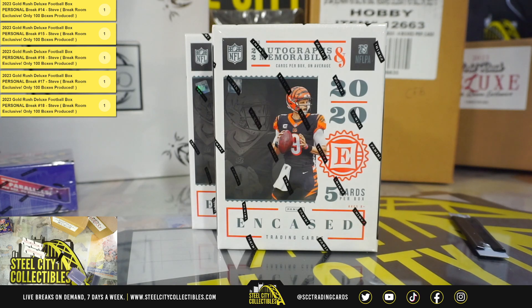All right, our next break is for Matthew. It's two 2020 Panini Encased Football hobby boxes. Good luck.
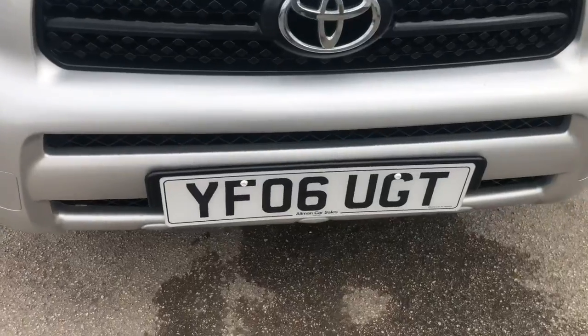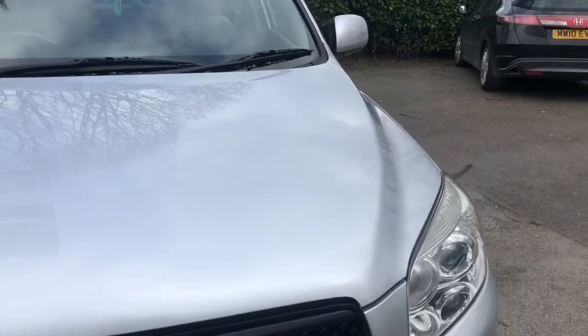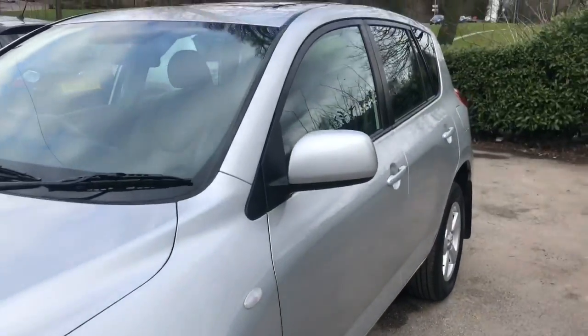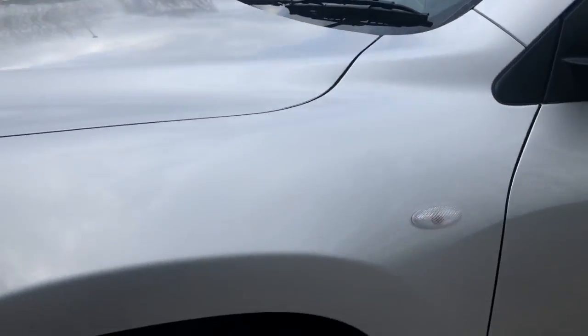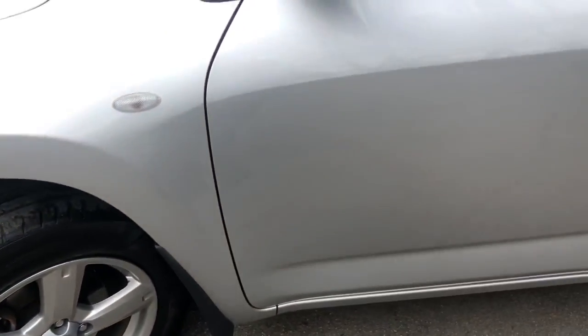Registered on the 31st of May 2006, this vehicle is on an 06 plate. A three owner vehicle in excellent condition. The vehicle has good service history consisting of 9 stamps. The last service was done at 74,406 miles on the 31st of January 2018.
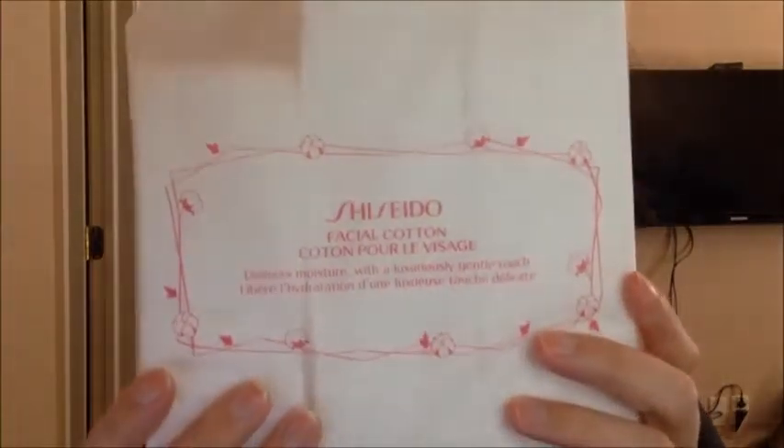I also purchased the Shiseido Facial Cottons from Sephora. This is the first time I've purchased these — they're kind of expensive. I had a 10% off coupon from when I made VIB last year, so it came to about $9 total including tax. There are 165 sheets in here, so I'm thinking if I cut them in half, maybe the price isn't quite so ridiculous. They feel really, really nice so far.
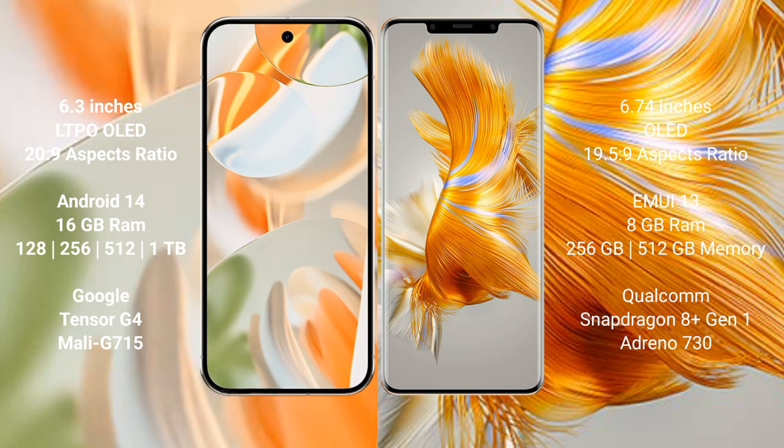Huawei P50 Pro comes with 8GB or 12GB RAM and 128GB, 256GB, 512GB, or 1TB internal storage options. It is powered by the Qualcomm Snapdragon 888 processor with NPU 99660.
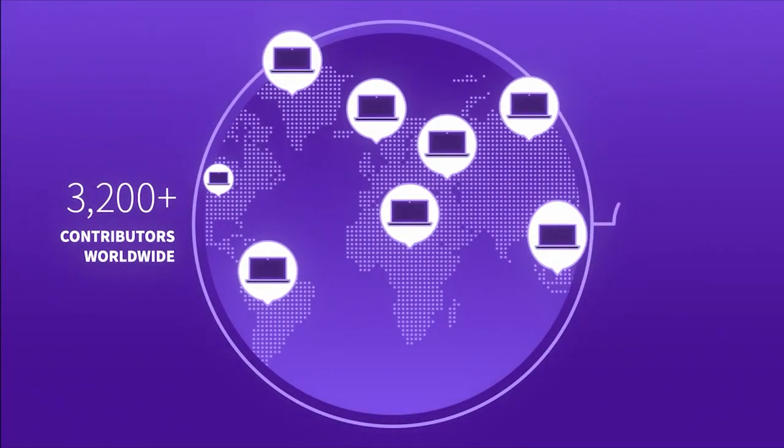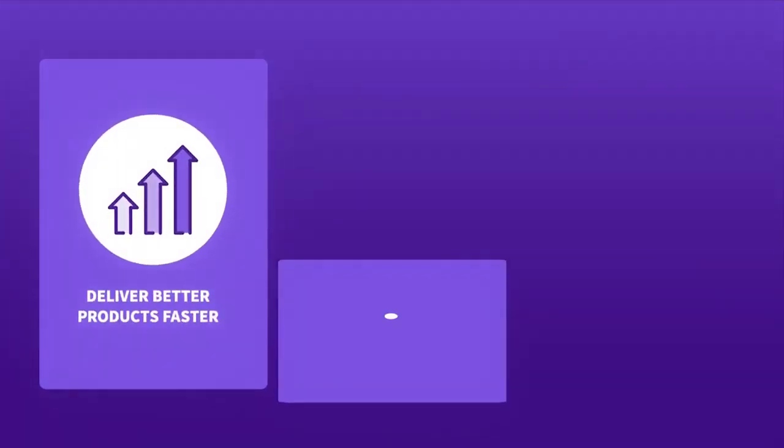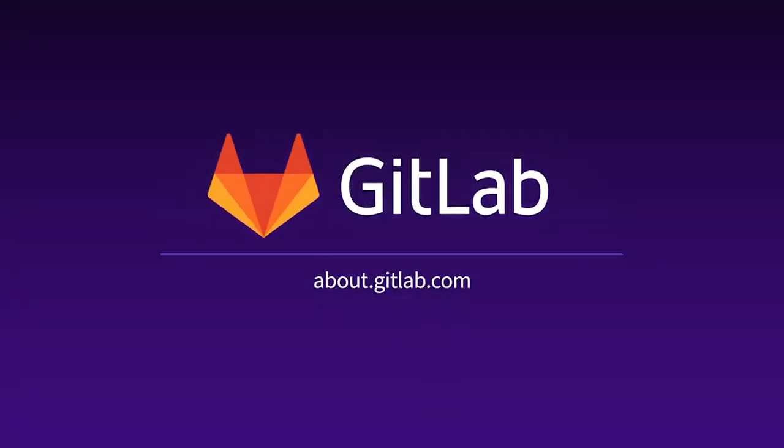What's more, everyone can contribute to this open-source application, so GitLab is continuously improving. Are you ready to deliver better products faster, work more efficiently, and reduce security and compliance risk? Try GitLab today.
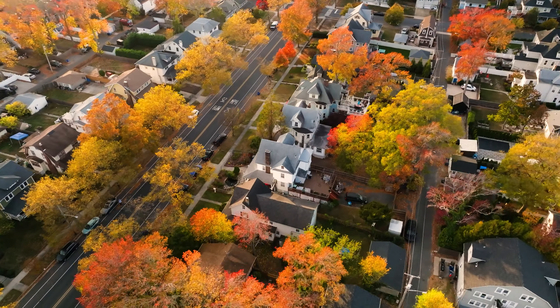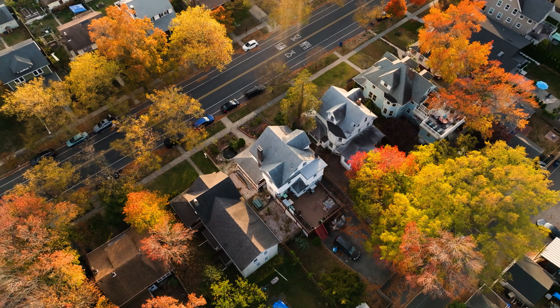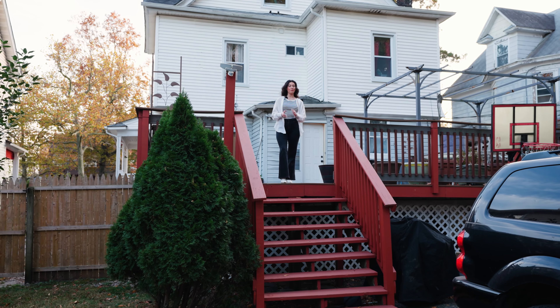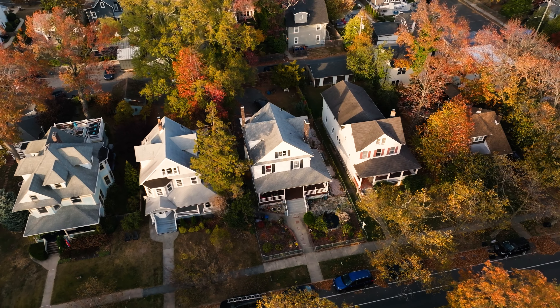Hi, y'all. I'm Keri Cavato with Prodigy Real Estate, and today I'll be welcoming you to 1007 4th Avenue, located in Asbury Park, New Jersey. This home has six bedrooms and two bathrooms. It also features a koi pond, a large front porch, and a spacious backyard. Let's take a look.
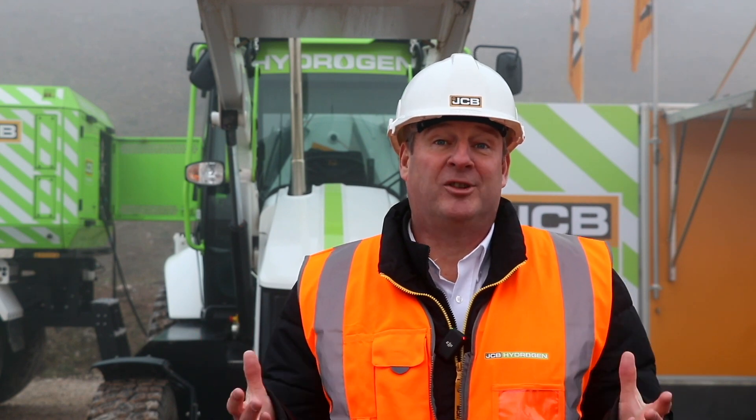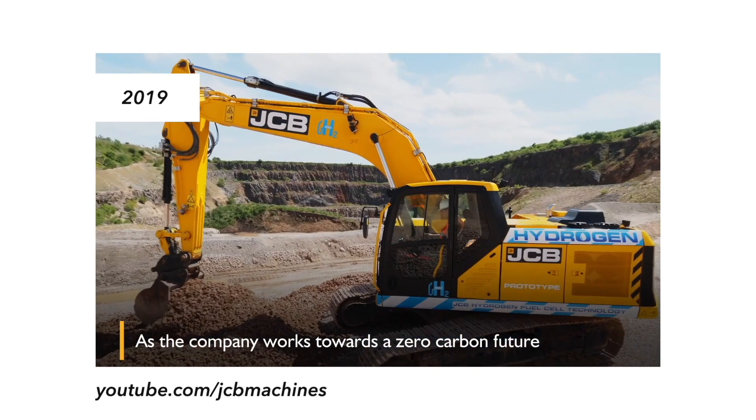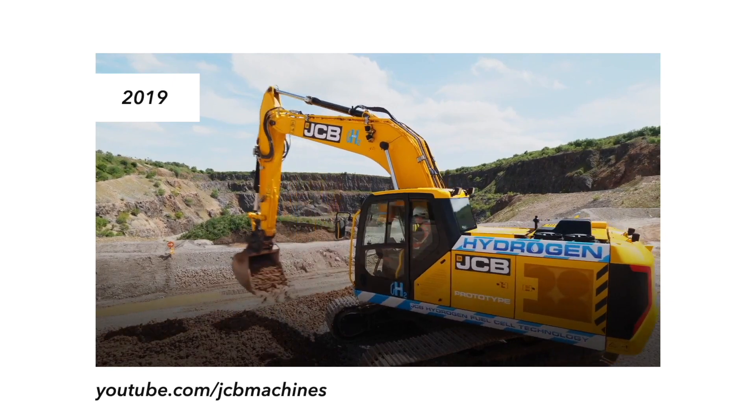We were first in the world to come out with a hydrogen combustion solution. Lord Bamford proudly shared that with many other manufacturers. We've been experimenting a little ahead of the curve and we've got our solutions out there. It's nice to see other companies now starting to work on hydrogen combustion, because we really need the whole world to get onto it. It's nice to be first, but we do need others to follow, and I think the confidence is now growing.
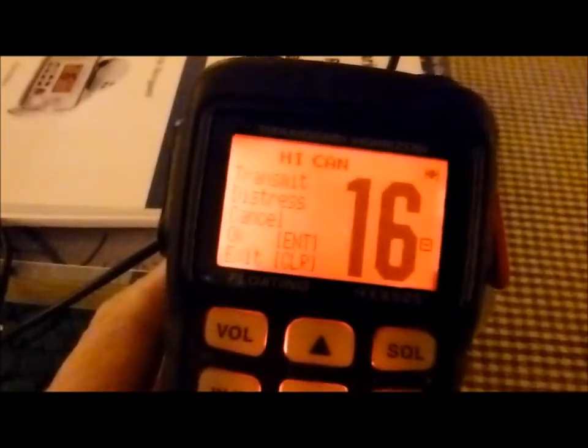Here's how we cancel a call. There is a button that says if you press clear, you cancel the call. Then I say okay, and it transmits a distress cancel.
- - -
▸ **Directions for this task**:
Exact copies of the entries above are needed, with every picture removed.

▸ **Result of the exercise**:
All right, our next break is for Matthew. It's two 2020 Panini Encased Football hobby boxes. Good luck.
Registered on the 31st of May 2006, this vehicle is on an 06 plate. A three owner vehicle in excellent condition. The vehicle has good service history consisting of 9 stamps. The last service was done at 74,406 miles on the 31st of January 2018.
I also purchased the Shiseido Facial Cottons from Sephora. This is the first time I've purchased these — they're kind of expensive. I had a 10% off coupon from when I made VIB last year, so it came to about $9 total including tax. There are 165 sheets in here, so I'm thinking if I cut them in half, maybe the price isn't quite so ridiculous. They feel really, really nice so far.
Huawei P50 Pro comes with 8GB or 12GB RAM and 128GB, 256GB, 512GB, or 1TB internal storage options. It is powered by the Qualcomm Snapdragon 888 processor with NPU 99660.
What's more, everyone can contribute to this open-source application, so GitLab is continuously improving. Are you ready to deliver better products faster, work more efficiently, and reduce security and compliance risk? Try GitLab today.
Hi, y'all. I'm Keri Cavato with Prodigy Real Estate, and today I'll be welcoming you to 1007 4th Avenue, located in Asbury Park, New Jersey. This home has six bedrooms and two bathrooms. It also features a koi pond, a large front porch, and a spacious backyard. Let's take a look.
We were first in the world to come out with a hydrogen combustion solution. Lord Bamford proudly shared that with many other manufacturers. We've been experimenting a little ahead of the curve and we've got our solutions out there. It's nice to see other companies now starting to work on hydrogen combustion, because we really need the whole world to get onto it. It's nice to be first, but we do need others to follow, and I think the confidence is now growing.
Here's how we cancel a call. There is a button that says if you press clear, you cancel the call. Then I say okay, and it transmits a distress cancel.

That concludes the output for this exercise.